Task :: The expected output is each line in the data below that includes the string "photo".
Segment Start: Material for this task
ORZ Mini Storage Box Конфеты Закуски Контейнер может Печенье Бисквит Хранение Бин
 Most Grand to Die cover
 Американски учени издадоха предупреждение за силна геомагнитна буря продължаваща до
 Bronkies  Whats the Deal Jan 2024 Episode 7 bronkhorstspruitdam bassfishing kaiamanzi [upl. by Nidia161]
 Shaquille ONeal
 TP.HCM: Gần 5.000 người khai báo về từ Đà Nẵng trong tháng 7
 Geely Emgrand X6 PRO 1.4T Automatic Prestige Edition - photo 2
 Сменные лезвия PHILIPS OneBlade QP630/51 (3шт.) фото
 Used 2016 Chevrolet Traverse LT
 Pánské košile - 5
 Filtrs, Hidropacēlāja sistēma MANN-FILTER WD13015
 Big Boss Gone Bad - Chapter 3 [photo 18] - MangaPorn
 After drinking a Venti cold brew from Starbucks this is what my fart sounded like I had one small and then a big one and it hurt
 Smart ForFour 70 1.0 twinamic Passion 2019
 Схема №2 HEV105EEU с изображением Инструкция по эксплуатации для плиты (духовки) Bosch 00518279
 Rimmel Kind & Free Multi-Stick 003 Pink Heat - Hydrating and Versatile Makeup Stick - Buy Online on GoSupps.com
Segment End: Material for this task
Task result ::
 Geely Emgrand X6 PRO 1.4T Automatic Prestige Edition - photo 2
 Big Boss Gone Bad - Chapter 3 [photo 18] - MangaPorn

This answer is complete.